Fentanyl is used via the oral, intravenous, epidural, spinal, transdermal, intranasal, rectal, sublingual, subcutaneous and transmucosal routes (2,10). Compared with other forms of fentanyl, the fentanyl skin patch is slow-release and has a long-term effect, thus producing a settled but not elevated opioid level in plasma. It rarely leads to the euphoria and withdrawal symptoms seen between doses in other forms. Due to these properties, the fentanyl skin patch is regarded as having a low risk of leading to tolerance development or physiological dependence (11). One study of 532 patients with non-cancer chronic pain determined no misuse or physiological dependence in any patient (12). The risk of dependence in patients using it for the treatment of cancer pain is suggested as being very low (10). One study assessing efficacy and reliability in cancer pain reported no dependence (13).

The literature contains a large number of case reports of misuse/abuse of transdermal fentanyl patch content by the intravenous, oral, rectal and inhalation routes. These were cases leading to intoxication or death and published in medicolegal or emergency medicine journals. It is not known that whether dependence was present in these cases or not (3-6).

In contrast to misuse/abuse, there are only two case reports in the literature of the fentanyl skin patch causing dependence. The first was published in 2010 and the second in 2011 (7). A 59-year-old man developed dependence by attaching fentanyl skin patches belonging to his wife, who was receiving lung cancer-related pain treatment, to his own scapula and also by chewing them. He first began using fentanyl at a dose of 25 mcg/hour, but this gradually rose to 50, 75 and 100 mcg/hour. The patient had a 20-year history of marijuana use. The second case (8) involves dependence in a 78-year-old patient using transdermal fentanyl patches for 7 years for chronic back ache. In our case, dependence was due to the continuation of the use of transdermal patch after cancer remission. In the first case, the patch was used both transdermally and orally. Given that the risk of dependence will be higher if the fentanyl is used orally, it is unclear whether dependence would have emerged in that individual through transdermal use alone. However, in the light of the 20-year marijuana use and oral misuse of fentanyl, that individual was clearly predisposed to dependence. Dependence in the second case and our own case was resulted from constant use of fentanyl patches by the transdermal route only.

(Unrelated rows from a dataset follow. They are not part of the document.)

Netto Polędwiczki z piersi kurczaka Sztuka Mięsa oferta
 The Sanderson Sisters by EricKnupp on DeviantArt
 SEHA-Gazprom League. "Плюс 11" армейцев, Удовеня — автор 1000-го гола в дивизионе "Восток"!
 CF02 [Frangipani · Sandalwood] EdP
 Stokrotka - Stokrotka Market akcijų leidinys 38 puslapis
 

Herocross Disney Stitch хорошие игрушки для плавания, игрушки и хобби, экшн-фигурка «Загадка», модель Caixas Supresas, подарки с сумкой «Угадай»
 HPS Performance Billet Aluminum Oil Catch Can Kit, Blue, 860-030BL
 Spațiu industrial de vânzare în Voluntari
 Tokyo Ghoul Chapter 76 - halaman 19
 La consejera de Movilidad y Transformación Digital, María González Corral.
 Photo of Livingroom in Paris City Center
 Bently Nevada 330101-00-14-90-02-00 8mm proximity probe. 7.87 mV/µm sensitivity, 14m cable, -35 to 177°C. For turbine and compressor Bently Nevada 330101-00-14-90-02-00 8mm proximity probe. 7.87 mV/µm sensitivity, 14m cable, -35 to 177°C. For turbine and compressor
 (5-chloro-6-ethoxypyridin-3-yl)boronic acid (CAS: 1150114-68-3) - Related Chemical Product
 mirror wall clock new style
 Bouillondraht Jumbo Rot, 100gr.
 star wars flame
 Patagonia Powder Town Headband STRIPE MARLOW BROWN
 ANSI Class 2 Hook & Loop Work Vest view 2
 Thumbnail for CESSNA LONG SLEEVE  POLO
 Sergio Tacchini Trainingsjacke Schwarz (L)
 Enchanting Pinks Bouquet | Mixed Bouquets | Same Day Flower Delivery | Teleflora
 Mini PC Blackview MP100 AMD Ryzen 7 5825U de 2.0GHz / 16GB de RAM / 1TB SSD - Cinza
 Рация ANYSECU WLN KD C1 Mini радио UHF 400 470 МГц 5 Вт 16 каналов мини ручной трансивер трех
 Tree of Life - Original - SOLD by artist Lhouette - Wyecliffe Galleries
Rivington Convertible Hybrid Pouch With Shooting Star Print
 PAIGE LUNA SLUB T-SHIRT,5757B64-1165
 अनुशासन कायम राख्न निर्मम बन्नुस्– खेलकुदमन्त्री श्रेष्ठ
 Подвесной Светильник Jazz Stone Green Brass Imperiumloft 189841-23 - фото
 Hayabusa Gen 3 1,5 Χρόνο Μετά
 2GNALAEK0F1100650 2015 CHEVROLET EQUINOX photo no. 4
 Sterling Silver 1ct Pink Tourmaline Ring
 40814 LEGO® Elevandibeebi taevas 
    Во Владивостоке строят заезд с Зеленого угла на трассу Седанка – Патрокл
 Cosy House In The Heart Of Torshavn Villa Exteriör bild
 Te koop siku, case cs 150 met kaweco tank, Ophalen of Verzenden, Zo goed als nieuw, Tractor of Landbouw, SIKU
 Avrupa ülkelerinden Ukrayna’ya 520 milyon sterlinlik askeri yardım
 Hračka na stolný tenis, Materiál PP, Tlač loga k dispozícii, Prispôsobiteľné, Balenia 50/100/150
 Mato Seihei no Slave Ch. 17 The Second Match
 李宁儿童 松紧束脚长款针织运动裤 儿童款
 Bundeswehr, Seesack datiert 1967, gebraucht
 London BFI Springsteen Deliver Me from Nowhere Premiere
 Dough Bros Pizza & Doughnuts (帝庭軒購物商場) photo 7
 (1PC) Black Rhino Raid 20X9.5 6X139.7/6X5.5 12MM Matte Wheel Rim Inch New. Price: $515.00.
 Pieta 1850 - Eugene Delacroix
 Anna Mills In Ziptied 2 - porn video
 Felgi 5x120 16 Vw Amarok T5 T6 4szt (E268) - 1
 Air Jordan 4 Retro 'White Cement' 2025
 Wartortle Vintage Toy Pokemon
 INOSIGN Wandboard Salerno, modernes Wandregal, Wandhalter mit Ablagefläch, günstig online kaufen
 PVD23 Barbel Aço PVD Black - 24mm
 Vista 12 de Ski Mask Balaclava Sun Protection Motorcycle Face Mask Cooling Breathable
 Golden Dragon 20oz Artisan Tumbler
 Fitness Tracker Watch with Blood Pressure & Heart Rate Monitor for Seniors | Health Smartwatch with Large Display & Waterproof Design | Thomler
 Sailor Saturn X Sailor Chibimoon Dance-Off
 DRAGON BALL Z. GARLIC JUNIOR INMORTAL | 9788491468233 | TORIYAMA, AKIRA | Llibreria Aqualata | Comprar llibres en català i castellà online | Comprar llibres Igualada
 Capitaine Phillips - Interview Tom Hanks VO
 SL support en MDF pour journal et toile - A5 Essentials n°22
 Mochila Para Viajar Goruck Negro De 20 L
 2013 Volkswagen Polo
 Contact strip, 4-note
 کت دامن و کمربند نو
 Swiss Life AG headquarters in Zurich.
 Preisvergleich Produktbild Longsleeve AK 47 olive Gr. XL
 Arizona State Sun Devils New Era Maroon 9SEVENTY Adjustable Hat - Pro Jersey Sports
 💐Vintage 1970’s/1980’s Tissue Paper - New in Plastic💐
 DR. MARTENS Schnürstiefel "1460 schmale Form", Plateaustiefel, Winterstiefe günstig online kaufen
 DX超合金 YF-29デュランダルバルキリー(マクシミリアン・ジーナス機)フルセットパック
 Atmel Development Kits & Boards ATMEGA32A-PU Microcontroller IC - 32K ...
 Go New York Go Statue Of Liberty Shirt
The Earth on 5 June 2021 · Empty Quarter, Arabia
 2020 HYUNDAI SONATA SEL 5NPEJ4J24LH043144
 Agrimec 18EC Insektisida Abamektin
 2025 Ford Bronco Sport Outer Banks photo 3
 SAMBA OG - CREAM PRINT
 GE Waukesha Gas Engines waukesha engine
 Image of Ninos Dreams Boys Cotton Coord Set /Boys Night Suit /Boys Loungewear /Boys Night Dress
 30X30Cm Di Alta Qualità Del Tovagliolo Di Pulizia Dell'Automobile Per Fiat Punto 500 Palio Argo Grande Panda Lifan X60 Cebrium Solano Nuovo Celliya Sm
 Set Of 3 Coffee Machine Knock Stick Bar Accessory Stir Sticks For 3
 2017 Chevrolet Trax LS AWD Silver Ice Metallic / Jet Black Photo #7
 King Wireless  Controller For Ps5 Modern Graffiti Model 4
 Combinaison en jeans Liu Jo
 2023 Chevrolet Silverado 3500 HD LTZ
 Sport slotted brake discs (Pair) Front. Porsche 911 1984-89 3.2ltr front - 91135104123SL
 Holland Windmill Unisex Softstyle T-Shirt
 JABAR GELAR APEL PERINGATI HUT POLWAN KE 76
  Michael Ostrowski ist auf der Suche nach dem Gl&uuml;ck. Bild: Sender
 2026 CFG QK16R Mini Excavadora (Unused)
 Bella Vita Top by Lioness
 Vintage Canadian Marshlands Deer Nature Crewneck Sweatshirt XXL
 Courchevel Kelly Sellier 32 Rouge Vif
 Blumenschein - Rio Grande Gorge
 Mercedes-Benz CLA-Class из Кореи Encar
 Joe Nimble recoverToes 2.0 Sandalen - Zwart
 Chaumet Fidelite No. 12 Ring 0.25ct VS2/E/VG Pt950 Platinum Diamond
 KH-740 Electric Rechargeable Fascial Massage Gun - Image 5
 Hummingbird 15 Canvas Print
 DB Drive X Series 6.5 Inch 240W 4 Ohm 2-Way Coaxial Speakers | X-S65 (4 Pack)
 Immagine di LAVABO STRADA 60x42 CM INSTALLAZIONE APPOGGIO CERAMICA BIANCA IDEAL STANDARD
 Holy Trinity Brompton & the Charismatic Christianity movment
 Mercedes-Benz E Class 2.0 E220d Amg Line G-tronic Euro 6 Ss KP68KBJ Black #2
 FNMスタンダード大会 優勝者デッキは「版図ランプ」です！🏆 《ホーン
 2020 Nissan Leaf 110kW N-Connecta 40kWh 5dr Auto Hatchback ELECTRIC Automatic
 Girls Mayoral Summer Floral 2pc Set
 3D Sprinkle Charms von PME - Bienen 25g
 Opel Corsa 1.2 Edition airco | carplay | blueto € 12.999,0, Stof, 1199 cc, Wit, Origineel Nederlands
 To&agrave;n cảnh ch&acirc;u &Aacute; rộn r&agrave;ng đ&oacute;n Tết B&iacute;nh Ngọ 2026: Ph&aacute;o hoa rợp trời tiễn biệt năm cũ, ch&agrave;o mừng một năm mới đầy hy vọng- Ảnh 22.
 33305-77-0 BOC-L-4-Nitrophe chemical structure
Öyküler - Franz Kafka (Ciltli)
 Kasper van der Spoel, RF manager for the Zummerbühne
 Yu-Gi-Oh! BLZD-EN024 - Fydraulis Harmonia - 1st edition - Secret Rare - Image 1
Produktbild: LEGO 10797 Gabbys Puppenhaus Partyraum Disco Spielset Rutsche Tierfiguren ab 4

Loss of volume in the amygdala, white matter anisotropy in the afferent and efferent pathways of the amygdala and a decrease in functional connections in the amygdala have been determined in individuals prescribed long-term opioid for therapeutic reasons (14). These findings are clinically important in terms of showing functional changes in regions of the brain associated with motivation and reward functions, impulse control and affect regulation in individuals prescribed long-term opioid.

Although the risk of dependence is reported to be low in the literature, increasing use in chronic pain patients in recent years suggests that more cases of dependence will be encountered. Grattan et al. (15) suggested that since an improvement associated with opioid use is seen in depressive symptoms in patients using opioid for pain treatment, patients have a tendency to use more opioid than necessary, and that this can establish a risk for opioid misuse and dependence. Clinicians must therefore bear in mind that depression, frequently masked in cancer patients, may pose a risk for opioid dependence. When depression is determined in such patients, treatment with antidepressants is essential. In our case, depressive symptoms were brought under control using duloxetine 60 mg/day.

In conclusion, in our case, the transdermal fentanyl patch continued to be prescribed in the absence of cancer pain. The reason may be the inaccurate belief about the safety of this treatment or the difficulties in diagnosis of patients exhibiting dependence behavior, among professionals engaged in the treatment of cancer pain. Training of the professions involved in these issues may prevent potential cases of dependence in the future.